Discourses of energy democracy are now circulating throughout grassroots movements, trade unions, universities and policy circles. Meanwhile, community-run energy co-operatives are proliferating rapidly, cities are reversing privatisation by taking gas and electricity back under municipal control, and in some countries like Uruguay, national governments are showing leadership in pushing democratic low-carbon transition.
The advent of left electoral projects across Europe now demands a rapid concretisation of the energy democracy project. With progressive policy-makers and ministers seeking new energy pathways fast, we need clear answers to difficult questions, from financing options, to new models of public management, to industrial conversion strategies.

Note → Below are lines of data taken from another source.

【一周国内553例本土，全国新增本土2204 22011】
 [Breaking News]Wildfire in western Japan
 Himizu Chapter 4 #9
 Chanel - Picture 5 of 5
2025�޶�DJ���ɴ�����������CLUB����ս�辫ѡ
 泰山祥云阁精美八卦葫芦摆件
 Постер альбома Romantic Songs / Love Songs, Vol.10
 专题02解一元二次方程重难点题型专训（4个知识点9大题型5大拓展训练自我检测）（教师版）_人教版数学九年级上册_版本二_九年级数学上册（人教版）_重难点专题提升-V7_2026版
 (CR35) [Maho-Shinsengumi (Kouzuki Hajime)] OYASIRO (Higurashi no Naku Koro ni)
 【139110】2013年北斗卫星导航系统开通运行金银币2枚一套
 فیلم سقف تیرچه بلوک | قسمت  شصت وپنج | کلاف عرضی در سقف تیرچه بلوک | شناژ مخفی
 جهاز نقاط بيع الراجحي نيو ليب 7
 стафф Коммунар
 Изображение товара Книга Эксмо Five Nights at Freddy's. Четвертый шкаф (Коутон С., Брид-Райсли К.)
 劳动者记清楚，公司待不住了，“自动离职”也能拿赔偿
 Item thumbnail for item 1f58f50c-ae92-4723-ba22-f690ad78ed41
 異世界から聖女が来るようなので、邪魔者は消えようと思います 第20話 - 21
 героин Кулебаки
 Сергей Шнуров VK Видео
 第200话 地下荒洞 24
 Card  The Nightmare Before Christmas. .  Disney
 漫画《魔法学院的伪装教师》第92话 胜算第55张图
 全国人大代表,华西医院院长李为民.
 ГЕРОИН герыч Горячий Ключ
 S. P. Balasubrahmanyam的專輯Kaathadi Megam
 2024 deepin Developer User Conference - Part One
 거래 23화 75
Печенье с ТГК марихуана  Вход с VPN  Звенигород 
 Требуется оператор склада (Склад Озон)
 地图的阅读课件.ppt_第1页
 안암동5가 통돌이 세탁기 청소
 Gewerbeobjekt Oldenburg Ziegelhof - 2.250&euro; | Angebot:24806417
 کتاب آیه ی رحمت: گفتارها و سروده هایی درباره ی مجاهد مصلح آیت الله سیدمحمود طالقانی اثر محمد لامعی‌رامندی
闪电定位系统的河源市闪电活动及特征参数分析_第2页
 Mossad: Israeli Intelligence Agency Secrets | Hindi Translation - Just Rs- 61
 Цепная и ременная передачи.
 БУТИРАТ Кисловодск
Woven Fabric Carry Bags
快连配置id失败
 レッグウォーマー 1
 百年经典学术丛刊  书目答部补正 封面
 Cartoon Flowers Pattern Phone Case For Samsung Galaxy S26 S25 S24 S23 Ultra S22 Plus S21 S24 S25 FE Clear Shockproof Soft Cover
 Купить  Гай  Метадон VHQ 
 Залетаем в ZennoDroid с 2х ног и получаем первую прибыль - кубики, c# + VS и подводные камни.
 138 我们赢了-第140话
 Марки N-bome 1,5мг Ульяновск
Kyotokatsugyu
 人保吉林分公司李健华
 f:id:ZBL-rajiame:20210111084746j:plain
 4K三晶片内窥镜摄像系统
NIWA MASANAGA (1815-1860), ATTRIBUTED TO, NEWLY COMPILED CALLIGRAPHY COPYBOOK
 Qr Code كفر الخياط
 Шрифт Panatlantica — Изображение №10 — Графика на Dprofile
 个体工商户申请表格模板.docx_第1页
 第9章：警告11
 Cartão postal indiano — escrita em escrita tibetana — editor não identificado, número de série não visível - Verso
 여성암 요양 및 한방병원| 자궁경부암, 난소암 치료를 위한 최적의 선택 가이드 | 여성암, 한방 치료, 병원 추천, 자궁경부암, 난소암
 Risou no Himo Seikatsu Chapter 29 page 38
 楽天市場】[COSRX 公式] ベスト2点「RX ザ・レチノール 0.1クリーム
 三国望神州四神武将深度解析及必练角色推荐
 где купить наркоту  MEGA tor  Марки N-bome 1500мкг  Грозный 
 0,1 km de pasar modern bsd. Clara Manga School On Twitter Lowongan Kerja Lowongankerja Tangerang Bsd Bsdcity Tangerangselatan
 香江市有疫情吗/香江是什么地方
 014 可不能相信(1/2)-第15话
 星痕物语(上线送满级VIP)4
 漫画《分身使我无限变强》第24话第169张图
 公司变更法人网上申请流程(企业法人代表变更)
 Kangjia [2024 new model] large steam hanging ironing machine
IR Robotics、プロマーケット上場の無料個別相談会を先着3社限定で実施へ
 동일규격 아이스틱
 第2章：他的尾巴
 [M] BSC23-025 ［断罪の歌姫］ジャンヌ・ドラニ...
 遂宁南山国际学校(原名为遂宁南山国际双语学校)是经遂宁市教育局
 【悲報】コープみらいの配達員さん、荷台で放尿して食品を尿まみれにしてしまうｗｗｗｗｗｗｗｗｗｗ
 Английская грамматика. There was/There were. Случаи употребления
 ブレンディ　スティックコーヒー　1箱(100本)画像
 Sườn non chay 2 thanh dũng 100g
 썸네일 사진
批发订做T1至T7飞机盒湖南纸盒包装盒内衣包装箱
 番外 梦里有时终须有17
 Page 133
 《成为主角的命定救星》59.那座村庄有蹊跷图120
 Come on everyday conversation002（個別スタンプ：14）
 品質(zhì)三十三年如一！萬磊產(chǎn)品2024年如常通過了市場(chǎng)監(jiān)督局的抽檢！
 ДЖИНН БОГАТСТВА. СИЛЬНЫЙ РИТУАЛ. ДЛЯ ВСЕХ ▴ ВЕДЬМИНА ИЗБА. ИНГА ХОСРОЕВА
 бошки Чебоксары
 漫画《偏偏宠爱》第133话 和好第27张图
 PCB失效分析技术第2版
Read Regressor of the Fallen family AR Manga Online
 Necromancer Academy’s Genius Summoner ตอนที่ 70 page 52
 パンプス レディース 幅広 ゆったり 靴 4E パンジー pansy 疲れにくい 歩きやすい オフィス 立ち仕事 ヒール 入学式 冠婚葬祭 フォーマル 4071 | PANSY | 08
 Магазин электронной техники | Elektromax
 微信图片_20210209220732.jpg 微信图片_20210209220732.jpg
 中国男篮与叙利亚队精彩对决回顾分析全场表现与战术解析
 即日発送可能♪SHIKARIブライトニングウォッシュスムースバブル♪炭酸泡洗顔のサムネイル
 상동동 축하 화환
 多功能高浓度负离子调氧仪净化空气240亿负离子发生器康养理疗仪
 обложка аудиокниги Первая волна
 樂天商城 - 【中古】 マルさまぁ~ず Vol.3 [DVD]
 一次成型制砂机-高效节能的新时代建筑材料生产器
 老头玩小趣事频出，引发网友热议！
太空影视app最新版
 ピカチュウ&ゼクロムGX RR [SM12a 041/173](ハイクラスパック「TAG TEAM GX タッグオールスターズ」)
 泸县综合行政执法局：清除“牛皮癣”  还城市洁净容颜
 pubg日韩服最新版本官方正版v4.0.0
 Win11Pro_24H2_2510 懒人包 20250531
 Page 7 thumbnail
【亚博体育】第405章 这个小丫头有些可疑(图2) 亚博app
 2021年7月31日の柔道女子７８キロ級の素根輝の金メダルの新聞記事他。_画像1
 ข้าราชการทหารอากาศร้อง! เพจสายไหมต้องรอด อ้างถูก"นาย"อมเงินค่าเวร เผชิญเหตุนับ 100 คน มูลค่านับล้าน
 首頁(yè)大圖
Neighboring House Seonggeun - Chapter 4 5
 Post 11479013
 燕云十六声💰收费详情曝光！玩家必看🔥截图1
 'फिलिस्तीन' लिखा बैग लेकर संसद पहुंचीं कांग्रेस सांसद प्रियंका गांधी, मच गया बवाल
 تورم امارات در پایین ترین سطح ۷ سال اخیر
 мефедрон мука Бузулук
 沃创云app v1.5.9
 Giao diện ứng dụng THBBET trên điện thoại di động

This new report – Strategies of Energy Democracy – clarifies the state of existing debates with the aim of opening up new questions and possibilities, while paving the way towards a clearer direction of travel. Moving forward, it is argued, will require a careful consideration of questions of politics and power. Who currently calls the shots over energy transition? How might existing power relations be transformed in our favour? And who are we referring to in an assumption of a unified “our” or “we” of a movement for energy democracy? By offering a start on answering such questions – and by summarising existing discussions around narrative, scale, ownership, finance, energy poverty and just transition – this report should serve as a resource for activists and scholars interested in crafting socially just and democratic low-carbon energy transitions.